I knew that, and none knew as well as she how all of this could be so easily shattered, the peace of the nursery, the peace of the city, half a million people sleeping in peace tonight in Alexandria. And throughout the Black Land, how many more? A hundred thousand in Memphis, seventy-five in Faynum, fifty in Thebes. And how many more? At best guess, six million people knew peace because of what we did, woke each morning to laws as fair as we could make them, to enough food and clean water, to the best medicine in the world.
“So fragile,” I said.
She spread her hand against Helios’ chest, where he leaned giggling against her, his brown curling hair like Antonius’. “Do the gods feel the weight of it?” she asked, her son’s cheek against her own.
“They must,” I said, “or They would not need us.”
I
T WAS SOON AFTER
that Dion decided to give a dinner party. There were just six of us really, old friends of ours, and Emrys, who looked better by the day. He had put some flesh back on his bones, and no longer startled at every loud noise. We ate on the balcony in the cool of the evening, two couches of us. There was fish in an olive sauce, and everything as good as one might find anywhere in the city.
Dion arranged our couches as though Emrys were the guest of honor, reclining on his left elbow with me reclining in front of him, while Dion sat on the end at our knees, the host taking the least comfortable spot. There was laughter and good conversation, though the other guests left early, moving on to some other party with more drinking.
“They left the good wine for us,” Emrys said, leaning over me to refill our cup.
“No,” said Dion, “I saved the good wine for us!” He poured into his own cup and touched it to ours. “Good friends and good wine.”
“Oh yes,” I said, and drank, handing the cup to Emrys.
He took it, and a sudden shadow washed across his face. “Absent friends,” he said.
“Absent friends, my love,” Dion said, and touched cups as though they pledged.
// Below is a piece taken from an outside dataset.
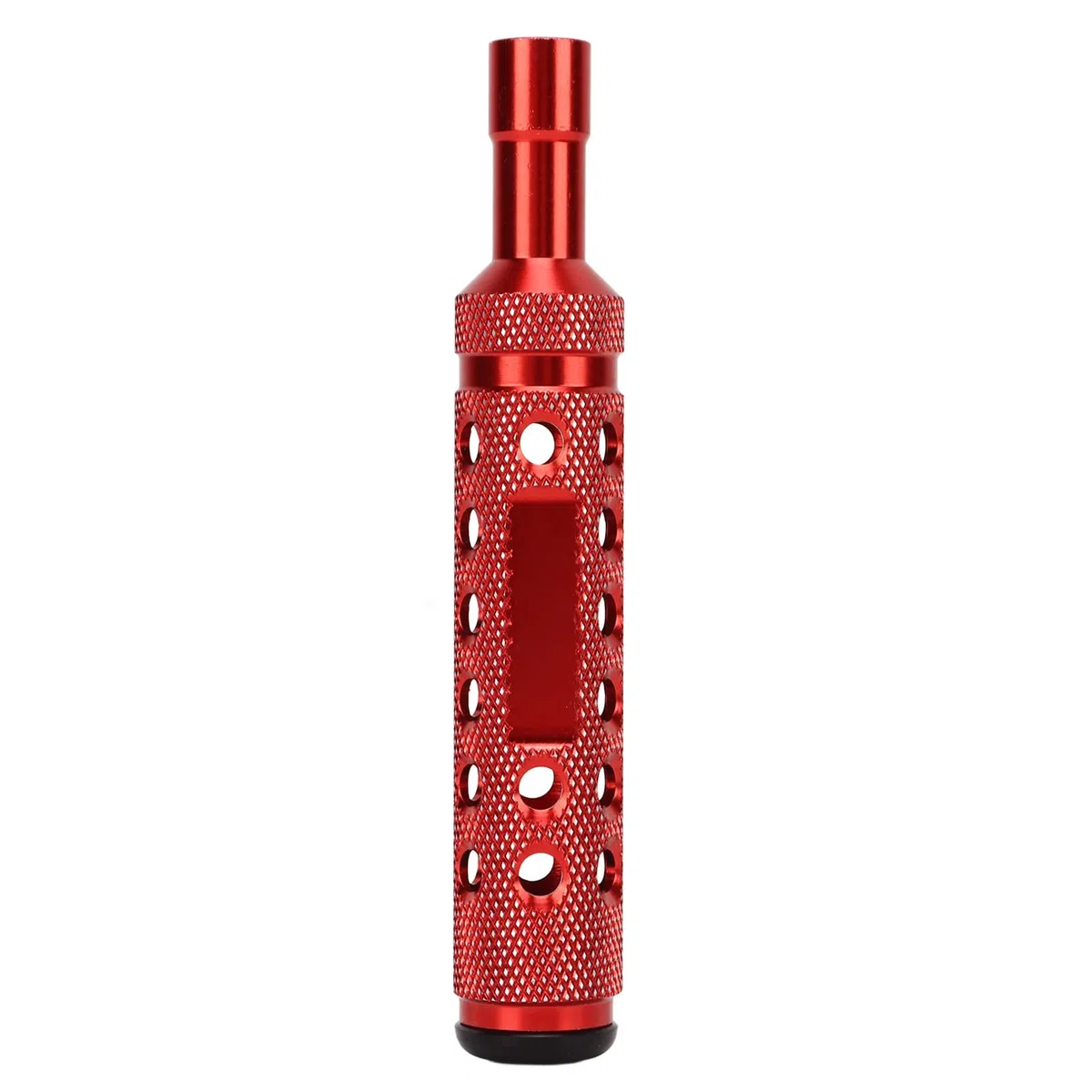 Chiave a bussola esagonale RC in lega di alluminio da 7 mm, strumento per auto RC che fa risparmiare lavoro per dadi M4 su modelli di auto HSP 1/10, cacciavite a (Rossa)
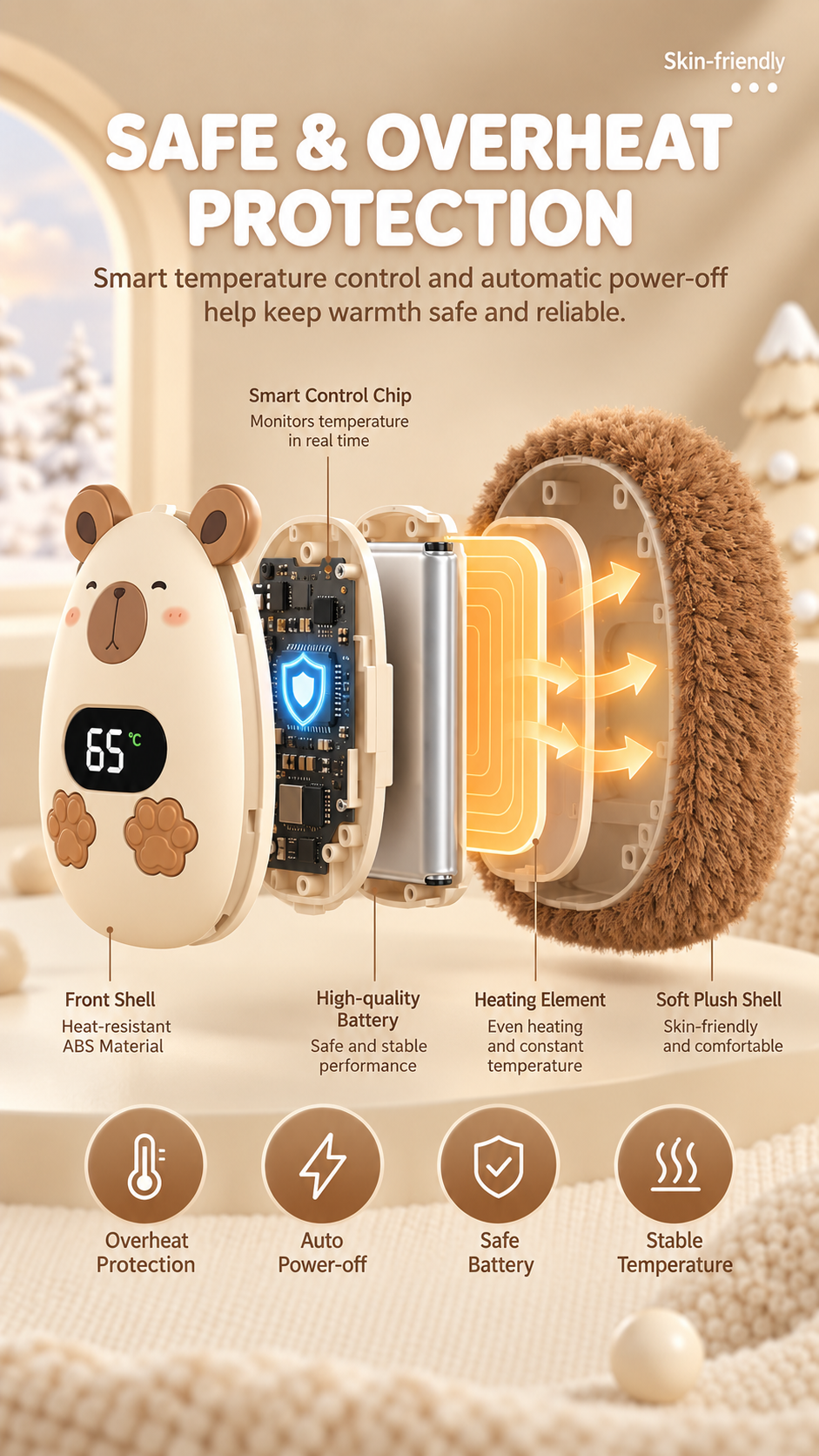 Safe and overheat protection internals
Their eyes met, though just their fingers touched, and I felt it leap like a spark between them.
“I should go, dears,” I said, starting to push up on my elbow. “It’s getting late.”
“Don’t go just yet,” Emrys said.
“Besides,” Dion said, “it’s your turn.”
“It is?”
“It’s the fourth night after the new moon except on a state dinner or the Roman kalends of the month. How can you mix up the schedule like that?”
Emrys burst out laughing. “How in the world can anyone keep a schedule like that straight?”
“I have no idea,” I said, smiling. “I lost track a long time ago. I just come and go when Dion tells me to.”
“Dion says stay,” Dion said.
I laughed. “If you mean that, I’ll go down and tell the litter bearers to go and come for me in the morning.”
“They’re probably drinking across the street,” Dion said, “I’ll go down.”
He hurried off, and I leaned back against Emrys’ shoulder. “He’s very good to you,” I said.